> Problem
The answer must be only the lines below from the one holding "Jean Paul GAULTIER" down to the one holding "Tribal Pattern Insulated Tumbler", ends included, printed exactly; please omit all pictures.

> Data for processing
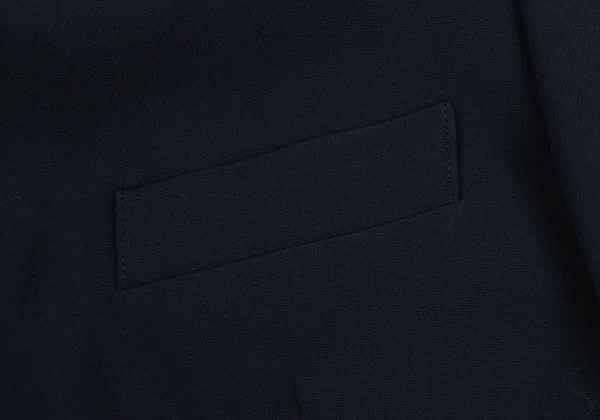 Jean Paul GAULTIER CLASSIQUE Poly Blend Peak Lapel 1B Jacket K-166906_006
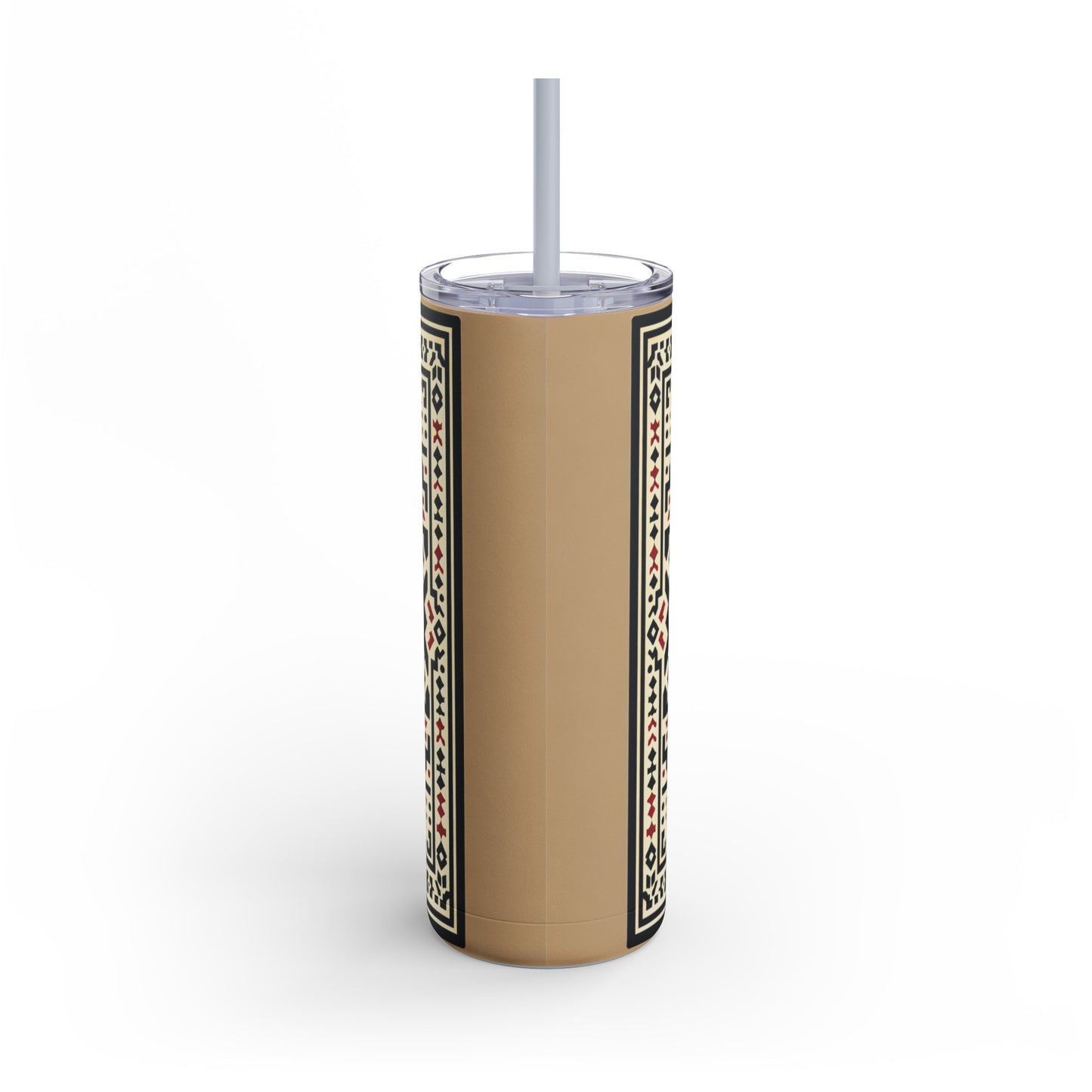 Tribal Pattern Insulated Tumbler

--

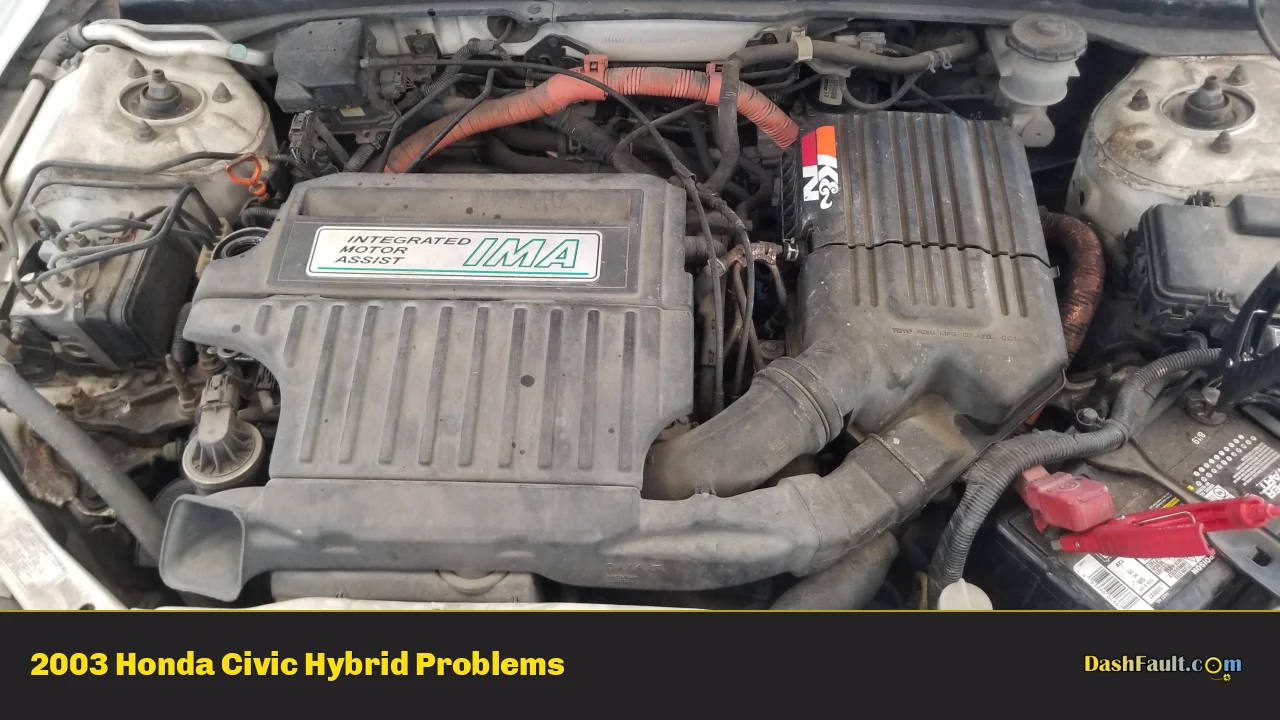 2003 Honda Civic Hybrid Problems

> Answer to this task
 Jean Paul GAULTIER CLASSIQUE Poly Blend Peak Lapel 1B Jacket K-166906_006
 Tribal Pattern Insulated Tumbler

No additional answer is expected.